In a landmark ruling on August 28 2015, the Swiss Supreme Court held that the Swiss Financial Markets Authority (Finma) did not have sufficient statutory authority to prevent a bank from disclosing the content of an order, without its prior consent. In the case concerned, Finma had ordered Bank Frey & Co AG in August 2013 to discontinue as soon as practicably possible any business relationship with US clients without increasing its legal and reputational risks. As part of its order, Finma expressly barred the bank from transmitting its decision to any third party without its consent. The bank appealed the decision. However, following its decision to cease banking operations, the bulk of the case, except the issue of supervisory privilege, became moot. The bank, nevertheless, continued the proceedings on this single issue.
In a carefully reasoned decision, the Swiss Supreme Court, affirming an earlier ruling of the Federal Administrative Tribunal, held that Finma's order infringed on the fundamental rights of the bank to determine its own image and its freedom of expression. Therefore, Finma required a formal statutory basis on which to issue such an order. After analysing the numerous confidentiality obligations applying to Finma, the court concluded that these provisions were binding on Finma and its staff, but did not extend to supervised institutions. This meant, therefore, that Finma could issue an order limited in time to avoid compromising existing investigations, but could not issue a general gag order. Despite this, other limitations resulting from data protection regulations, banking secrecy obligations and article 271 of the Swiss Criminal Code making it an offence to carry out actions on behalf of a foreign state, still applied.
This decision has potentially far-reaching consequences for Swiss financial institutions involved in cross-border investigations and litigation.

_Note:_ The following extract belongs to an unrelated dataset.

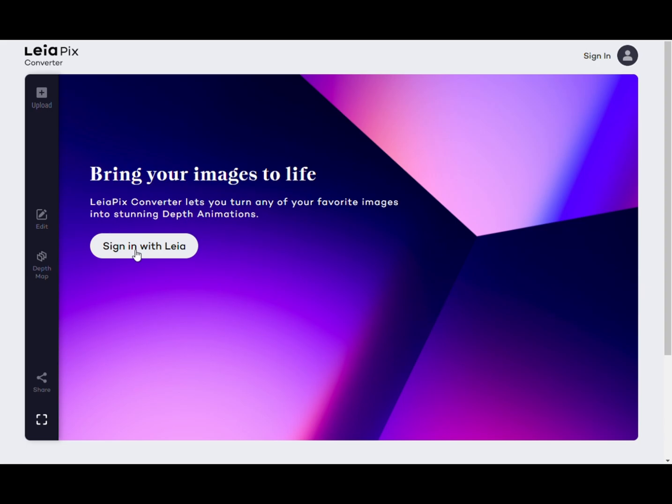Step 1: Access the Leapix Converter website. Open your browser and enter the official website. At this point we can see the main page of Leapix Converter.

Although it does not affect decisions that were issued in the past, it will limit Finma's ability to subject new proceedings to the supervisory privilege and may require institutions to disclose sensitive issues in order to obtain co-operation credit. While a revision of the Finma SA, which is expected to enter into force on January 1 2016, will allow Finma to prevent the disclosure of certain supervisory activity to foreign government authorities subject to an overwhelming private or public interest, this ruling is likely to shape future decisions regarding cross-border proceedings.